Geoffrey and Jo-Ellen Cushing built the lodge in October 1991. It was a challenge, carving the winding laneway from the country road to their brand-new home and resort. They built the main lodge and its dining room, along with a guest lodge, on the shores of a private lake. If you’re lucky, you’ll spy the playful otters that call the lake home. We have enjoyed prolonged looks at them; the last time we were at the lodge there were five of them. With the help of a powerful scope, we felt as if we were right beside the otters as they dove, splashed and played in the lake.
Ask Jo-Ellen and Geoffrey where to look. The high-powered scope is ready and waiting for you, mounted on a tripod in front of the bay windows in the dining room.
During the month of May, migrant birds are returning to our region, so this is a great time to explore the countryside. The silence of the whiter woods is broken by songbirds’ twitterings as they establish territories and build their nests.
Cushing Lodge is an increasingly well-known raptor centre. Raptors (birds of prey) have been a lifelong passion for the Cushings.
Says Jo-Ellen: “Since childhood we have been intrigued and fascinated by raptors. We have wondered why they have been worshipped and used as symbols of peace and power for centuries. Yet, at times man has scorned and persecuted these winged predators.
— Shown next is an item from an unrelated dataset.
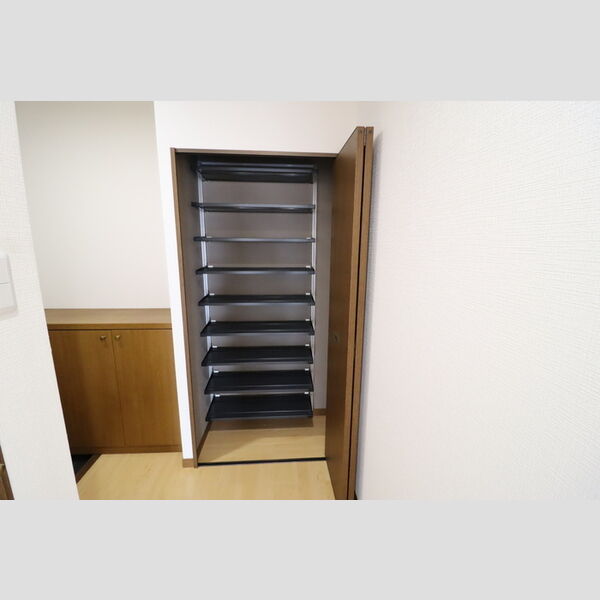 オーシャンビュー壱番館1303号室 物入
We believe that through education and facilities such as ours, people can gain a better appreciation for and understanding of the importance that raptors play in the natural world.”
Included in her collection of these fascinating birds is Casper the barn owl. Due to habitat loss – old barns are rapidly being demolished – this species is increasingly at risk. Also at risk is the gorgeous snowy owl, and the Cushings are completing a new “snowy” facility this summer, in July.
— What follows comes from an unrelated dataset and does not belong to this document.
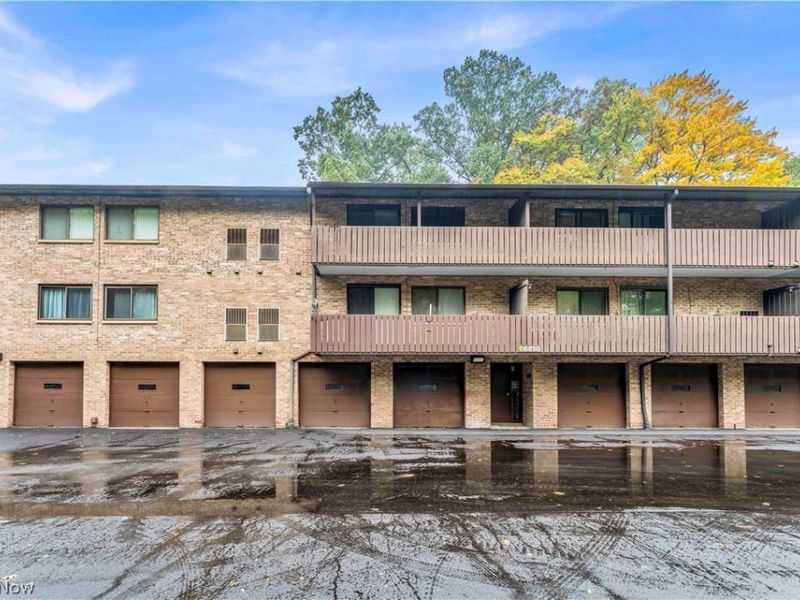 6850 Carriage Hill Drive, Unit D55, Brecksville, OH 44141 Photo 38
A real treat is to participate in the raptor in-flight demonstration that the Cushings annually host in conjunction with the African Lion Safari Farms of Cambridge, Ontario. It’s an unforgettable experience to watch birds of prey such as the Harris hawk, snowy owl and others fly at close range. Spectators are asked to volunteer to help with the demonstration-
We can vouch for how thrilling it is to watch a “snowy” fly close to the ground, hugging the meadow and then swoop up to perch on your wrist! Don’t be afraid: you’ll be given a sturdy leather gauntlet to wear so the raptor’s talons don’t inadvertently scratch you.
Even if there’s no flight demonstration happening, Jo-Ellen will enthusiastically show you the birds. Bald eagles, hawks and owls regard you with interest when you peer into their enclosures. Ask her about her breed-and-release program for these threatened species.
But if leisurely walks in the woods are more your thing, simply head off down one of the trails. In May, trilliums nod in the spring breezes. Look for all three variety: the white trillium, the wakerobin (red trillium) and the painted, which is more fragile than the others and has a magenta “V” in each of its three white petals.
And, if all you want to do is relax in the hot tub, have tasty meals and forget about work, the Cushing Lodge B&B near Ladysmith, Québec, is a destination we’re sure you’ll enjoy.